さっさと嫌いになってくれ〜アイドルオーディションで嫌われたい男装美少女、なぜか姫ポジ獲得?!〜



「ったく、峰間京、お前千歳ちゃんに何をどこまでしてたの?それ次第では俺、本当に怒るけど……」


その鋭い視線を受けても、京は顔を上げることはなく。

私の肩によりかかったまま、片口角だけを上げて低く笑った。


「可愛かったな」

「表出ろよ」


ブチ切れ。

これにはさすがに栄輔も穏やかではいられないらしく、彼らしくない苛立った舌打ちが部屋に響いた。
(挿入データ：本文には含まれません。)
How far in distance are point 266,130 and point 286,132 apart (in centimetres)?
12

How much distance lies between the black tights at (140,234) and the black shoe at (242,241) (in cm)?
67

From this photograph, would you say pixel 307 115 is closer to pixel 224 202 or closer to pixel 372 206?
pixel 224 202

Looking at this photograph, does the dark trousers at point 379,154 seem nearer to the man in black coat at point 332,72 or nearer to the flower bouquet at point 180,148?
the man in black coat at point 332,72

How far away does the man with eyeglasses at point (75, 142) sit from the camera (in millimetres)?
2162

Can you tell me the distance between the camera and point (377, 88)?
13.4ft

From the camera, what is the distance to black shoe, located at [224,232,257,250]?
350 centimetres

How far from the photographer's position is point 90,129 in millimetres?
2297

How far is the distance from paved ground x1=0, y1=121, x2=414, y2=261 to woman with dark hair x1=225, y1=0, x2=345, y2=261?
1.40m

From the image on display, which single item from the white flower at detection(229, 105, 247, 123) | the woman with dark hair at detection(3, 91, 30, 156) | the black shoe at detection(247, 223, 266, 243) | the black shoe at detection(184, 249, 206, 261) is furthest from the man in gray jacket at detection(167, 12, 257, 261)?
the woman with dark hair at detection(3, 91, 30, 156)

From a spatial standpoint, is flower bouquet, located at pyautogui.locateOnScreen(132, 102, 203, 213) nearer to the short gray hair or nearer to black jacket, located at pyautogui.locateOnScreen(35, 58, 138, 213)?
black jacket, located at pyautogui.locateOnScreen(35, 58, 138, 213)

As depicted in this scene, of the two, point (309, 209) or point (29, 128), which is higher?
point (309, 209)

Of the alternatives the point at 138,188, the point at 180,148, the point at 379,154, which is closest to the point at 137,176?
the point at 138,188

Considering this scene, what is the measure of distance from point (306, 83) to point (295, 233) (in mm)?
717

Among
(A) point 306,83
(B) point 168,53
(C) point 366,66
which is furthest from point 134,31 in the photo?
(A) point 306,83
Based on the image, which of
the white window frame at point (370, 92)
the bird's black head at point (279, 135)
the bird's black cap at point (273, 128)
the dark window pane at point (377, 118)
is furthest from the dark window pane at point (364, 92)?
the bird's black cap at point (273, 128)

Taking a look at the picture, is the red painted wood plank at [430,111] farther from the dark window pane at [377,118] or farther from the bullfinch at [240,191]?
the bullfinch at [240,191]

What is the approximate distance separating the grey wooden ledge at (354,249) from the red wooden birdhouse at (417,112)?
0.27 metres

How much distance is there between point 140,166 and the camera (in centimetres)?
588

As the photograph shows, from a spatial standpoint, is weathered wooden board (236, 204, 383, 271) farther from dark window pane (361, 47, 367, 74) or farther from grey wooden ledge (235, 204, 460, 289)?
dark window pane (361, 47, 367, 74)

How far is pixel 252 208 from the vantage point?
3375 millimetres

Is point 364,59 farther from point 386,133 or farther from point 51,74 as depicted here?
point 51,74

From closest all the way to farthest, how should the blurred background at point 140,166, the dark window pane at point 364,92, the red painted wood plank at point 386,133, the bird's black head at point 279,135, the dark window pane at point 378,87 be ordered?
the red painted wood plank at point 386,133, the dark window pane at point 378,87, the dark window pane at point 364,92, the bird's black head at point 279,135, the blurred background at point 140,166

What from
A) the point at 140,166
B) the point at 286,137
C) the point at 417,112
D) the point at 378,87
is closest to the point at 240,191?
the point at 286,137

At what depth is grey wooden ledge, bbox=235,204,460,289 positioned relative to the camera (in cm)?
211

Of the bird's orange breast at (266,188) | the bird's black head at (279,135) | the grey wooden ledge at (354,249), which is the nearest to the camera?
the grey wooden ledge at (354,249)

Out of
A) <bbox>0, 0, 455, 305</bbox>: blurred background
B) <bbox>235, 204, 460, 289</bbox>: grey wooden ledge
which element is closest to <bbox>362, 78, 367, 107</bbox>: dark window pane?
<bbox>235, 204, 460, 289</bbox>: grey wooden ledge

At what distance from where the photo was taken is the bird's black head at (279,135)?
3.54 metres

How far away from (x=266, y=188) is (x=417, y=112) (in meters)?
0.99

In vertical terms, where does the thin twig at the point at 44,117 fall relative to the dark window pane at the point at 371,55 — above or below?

険悪に火花を散らす彼らに挟まれ、私は音もなく霧散してしまいたい衝動に駆られる。


いつもならここで、変な冗談をやめろと峰間京に噛み付くターン。

しかし、今回ばかりは何も言い訳できない。

たとえ物理的に逃げ出せないような状況だったとはいえ、完全にラインを見誤った感がある。


本当にごめんなさい……男好きと言われても仕方ないです、一発ぶん殴ってもらっていいです……。
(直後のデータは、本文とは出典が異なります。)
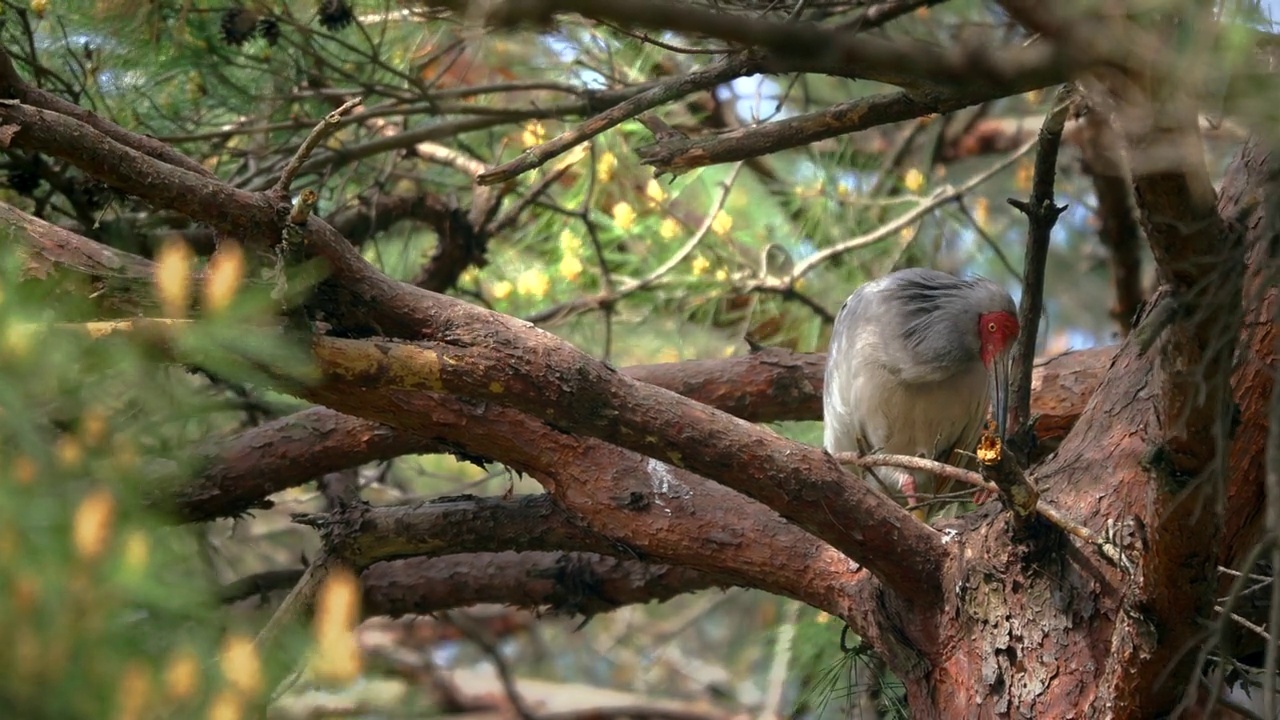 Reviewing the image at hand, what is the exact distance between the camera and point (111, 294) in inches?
103

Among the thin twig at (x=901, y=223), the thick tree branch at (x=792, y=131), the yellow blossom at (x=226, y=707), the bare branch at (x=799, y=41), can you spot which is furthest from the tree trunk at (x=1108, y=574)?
the thin twig at (x=901, y=223)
と、心の中で謝罪を繰り返す私の腕が、不意にぱしっと掴まれた。


栄輔だ。

彼は京から私を遠ざけるみたいに自分のそばに引き寄せると、心配そうにこちらを覗き込んでくる。


「大丈夫ですか?痛いことされてない?……って、お前ここっ、噛んだだろ!!」


首筋に視線を止めた栄輔が、顔を真っ赤にして京に怒鳴る。

京はしらこい顔で肩をすくめてみせるだけ。


……自分ではまだ確認できていないけれど、彼のことだからきっと、身体のあちこちにこれ見よがしに自分の痕を残しているに違いない。